Indego operates a bike sharing network in Philadelphia. They also publish anonymized data detailing usage of the service.
As a part of my coursework for the Data Science & Strategic Analytics masters program at Stockton University, I was tasked with creating a visualization that told a data story regarding the bike sharing program using the Python library matplotlib. Here’s how I solved this project and produced an animated visualization showing bike usage over time.
How It Works
To create the visualization, I wanted to create a simple and repeatable workflow. Rather than designing multiple scripts that had to be run individually or doing things manually, my goal from a technical standpoint was to have a single script that I could execute from the command line that would run all of the needed code and output a final animated GIF suitable for sharing.
Downloading the Data
The bash script works by first obtaining a list of all quarterly data files published on the Indego website. It does this by using a grep expression to filter out just the URLs we are interested in from the HTML code of the web page that we have downloaded using curl. It stores the list of URLs as an array and iterates over each URL to download a ZIP file containing data in CSV format.
To conserve bandwidth, I used the -N argument in the script’s calls to wget to tell it not to download the data files if they are already present on the user’s computer and have not changed on the server.
Once the data files are downloaded, the bash script subsequently extracts each ZIP archive of data and stores the extracted CSV files that each cover one quarter’s worth of activity in a directory for each year from 2015-2019.
Creating the Visualization
The Python code utilizes Pandas and GeoPandas to clean the data as well as parse the latitude and longitude columns in order to plot them using matplotlib.

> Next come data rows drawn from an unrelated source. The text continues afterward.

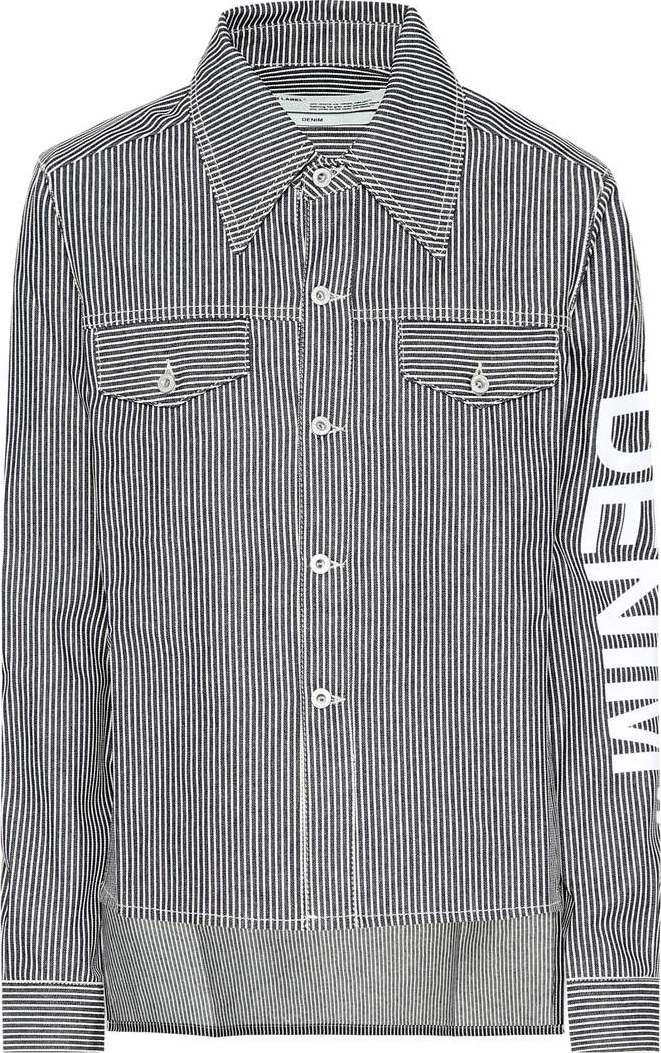 Off White Striped denim shirt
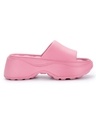 Shop Women's Pink Platform Sliders-Design
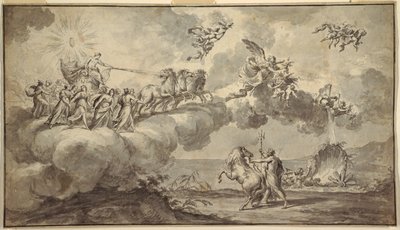 Disegno per arazzo: Apollo nel suo carro guidato da Aurora da Fedele Fischetti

Some of the data files have latitude and longitude values equal to zero, which caused problems with the visualization, so I cleaned the dataset to remove these problematic cases.
The Python code uses matplotlib for visualizing trends in Indego usage by plan. I wanted to map this against a background of a map of the city of Philadelphia and was able to do so using open data published by the city government.
The city publishes a GeoJSON file that can be used to draw the city limits and various neighborhoods within Philadelphia. GeoPandas makes it simple to read in this file and plot it using matplotlib.
For this visualization, I chose to focus on the destinations column of the dataset in order to plot the markers on a map of Philadelphia. A different marker and color is used based upon which plan the customer was subscribed to when they used the bike sharing network:
- Indego30 - Red star
- Walk-up (no plan) - Blue dot
- IndegoFlex - Green triangle
Putting It All Together
The end result of the Python script is a PNG file for each quarter’s worth of data from 2015 to the present. The final step uses the ImageMagick library to stitch all of the PNG files into the final animated GIF visualizing trends in bike usage over time.
The Code
Bash Script
#!/bin/bash
# This script downloads all Indego data and stores it in a folder for each year
# Get a list of URLs to download
URL_LIST=$(curl https://www.rideindego.com/about/data/ | grep -e ".zip" | \
grep -Eoi '<a [^>]+>' | grep -Eo 'href="[^\"]+"' | grep -e "uploads" | \
tr -d '"' | cut -c 6-)
# Iterate over each line in the URL list to download the data
echo $URL_LIST | while read line ; do
wget -N $line -P data/
done
# Find all downloaded ZIPs and extract them, then run Python script
YEARS=(2015 2016 2017 2018 2019)
for year in ${YEARS[@]}; do
FILES=$(find data/ -type f -name *$year*)
for file in $FILES; do
unzip -o $file -d data/$year
done
YEAR_CSV=$(find data/$year/ -type f -name "*.csv" | sort -n)
for csv in $YEAR_CSV; do
python3 plot.py $csv
done
done
# Convert the plotted pngs to an animated GIF sequence
convert -delay 75 -loop 0 *.png indego.gif
Python Script (plot.py)
import sys
import os
import pandas as pd
import geopandas as gpd
import matplotlib.pyplot as plt
# Set coordinate system for map
crs = {'init': 'epsg:4326'}
# Create name of plot based upon filename of CSV
base = os.path.basename(sys.argv[1])
file_name = os.path.splitext(base)[0]
ext = '.png'
plot_file_name = file_name + ext
print("Plotting " + sys.argv[1])
# Read in CSV file to pandas
df = pd.read_csv(sys.argv[1])
# Remove problematic cases where either lat or lon is equal to 0
df = df[df.start_lat != 0]
df = df[df.start_lon != 0]
df = df[df.end_lat != 0]
df = df[df.end_lon != 0]
# Convert to a geodataframe
destinations = gpd.GeoDataFrame(df, geometry=gpd.points_from_xy(df.end_lon, df.end_lat))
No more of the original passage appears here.